Песнь моя — боль моя | страница 58
Домбра спела о сокровенном. Смелым иноходцем унесла душу в заоблачные дали, заставила ее кипеть бурей чувств. Есим-хан ощутил дрожь в ослабевшем теле. Неужто смысл жизни в одних бранных походах, когда и поспать некогда, не то что улыбнуться красоте жизни? Песня Ашимтая перевернула его. Вот ведь искуситель этот кюйчи, какие чары у его домбры! Молодой султан уцелел в стольких боях, шел по колено в крови, а теперь его захватил в плен какой-то сброд! Может ли он, отец, бездействовать, предаваясь своей скорби? Как сказано в песне:
Грудной голос домбры стад леденящим, пронизывающим, как зимний ветер.
Отчего так ноет все тело? Где же та яростная сила, что в былые времена мгновенно подымала его на защиту оскорбленной чести? Неужто иссяк запал? Неужели так заворожил кюйчи?
А домбра все рассказывала печальную историю о том, как Джангир-султана пленили ойроты. Грустные переборы баюкали душу, но и звали ее отрешиться от сиюминутного, воспарить над землей.
Мелодия снова стала нарастать. По белой бороде хана катились слезы. Слезы скорби, слезы мужества.
Воображение позволяет свободно скользить во времени, легко может перенести оно в иные края и веси.
Далеко на юг простерлись зубчатые Саурские хребты, похожие на крепостные стены. На севере виднеется силуэт Алтая. Здесь, между горными отрогами, и простирается пойма черного Иртыша. Везде темнеют, похожие на спящих верблюдов, песчаные холмы, поросшие тамариском, тополем да березой.
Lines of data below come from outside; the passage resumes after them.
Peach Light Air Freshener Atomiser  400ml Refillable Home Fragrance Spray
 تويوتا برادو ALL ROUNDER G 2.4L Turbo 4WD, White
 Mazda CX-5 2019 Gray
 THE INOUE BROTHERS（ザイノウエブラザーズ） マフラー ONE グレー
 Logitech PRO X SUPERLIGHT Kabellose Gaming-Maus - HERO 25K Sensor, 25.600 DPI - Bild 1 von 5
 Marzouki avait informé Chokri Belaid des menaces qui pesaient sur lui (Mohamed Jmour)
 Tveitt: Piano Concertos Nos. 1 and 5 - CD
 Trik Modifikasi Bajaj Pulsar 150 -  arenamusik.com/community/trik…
Плешины барханов обрамлены карликовым кустарником. На северо-западе Саура высится пик Манрак, на западе — горы Тарбагатая. С самой высокой вершины Саура — Музтау сбегает множество родников. Вдоль синего родника идет юноша. Он что-то тихо напевает, его песнь сливается с журчанием родника. В груди юноши звенит множество голосов, он молод и счастлив. Ему только, что исполнилось семнадцать. Никогда еще не было такого прекрасного лета, как в этом году. Радость переполняет его. Только бы не иссякло это половодье жизни.
С мягким стуком упал перед ним камешек. Юноша обернулся и увидел девушку. Она засмеялась, и на ее бледных щеках вспыхнул румянец. Упругая коса ниспадала ей на грудь. То сплетая, то расплетая косу, девушка подходила все ближе. Ее тоненькая, как лозинка, талия, обтянутая безрукавкой, казалось, вот-вот сломается. А когда она лукаво улыбалась пухлыми, похожими на сердечко губами, глаза ее лучились добрым светом. Подол белого батистового платья, украшенный оборками, слегка колыхался при ходьбе. Она была похожа на только что раскрывшийся цветок. Вдруг девушка остановилась, словно испугавшись, что юноша направляется прямо к ней. Остановился и он.